• [Exercise data]:
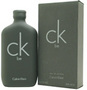 Buy PERFUME CK BE by Calvin Klein EDT SPRAY 6.7 OZ, Calvin Klein online.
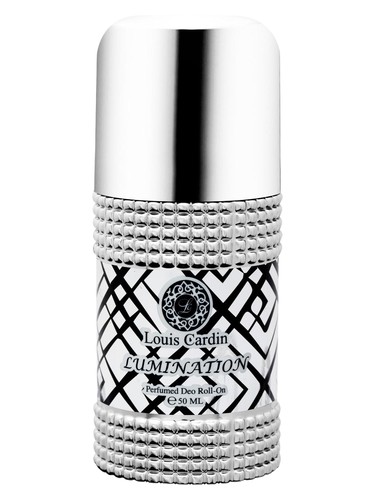 Lumination Roll On bottle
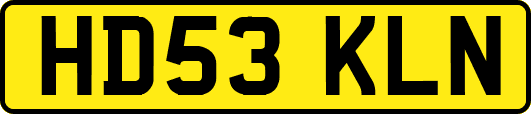 HD53KLN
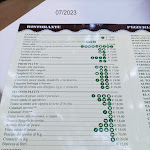 Photo n°8 de l'avis de Monika.. fait le 13/07/2023 à 17:32 sur le  El Condor à Portopalo di Capo Passero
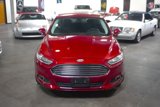 Used 2016 Ford Fusion SE image 2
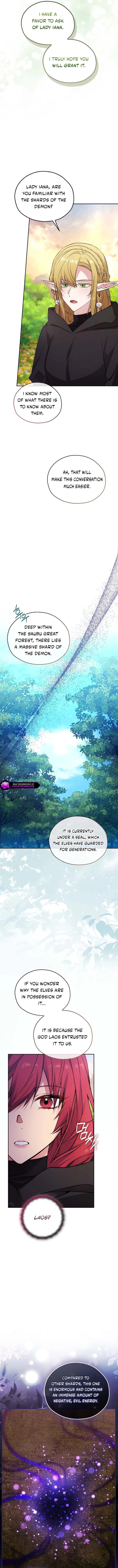 Adonis Chapter 303 page 9 - 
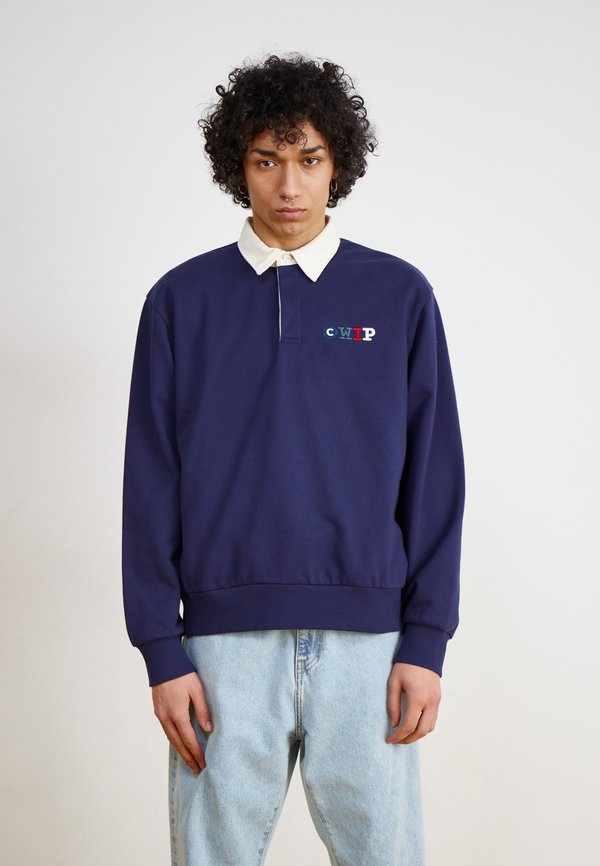 FLAGS RUGBY  - Sweatshirt - space2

• [Required work]: Only the lines from the one holding "Adonis Chapter 303" through the end of the records belong in the answer, copied exactly and without pictures.

• [Finished task]:
 Adonis Chapter 303 page 9 - 
 FLAGS RUGBY  - Sweatshirt - space2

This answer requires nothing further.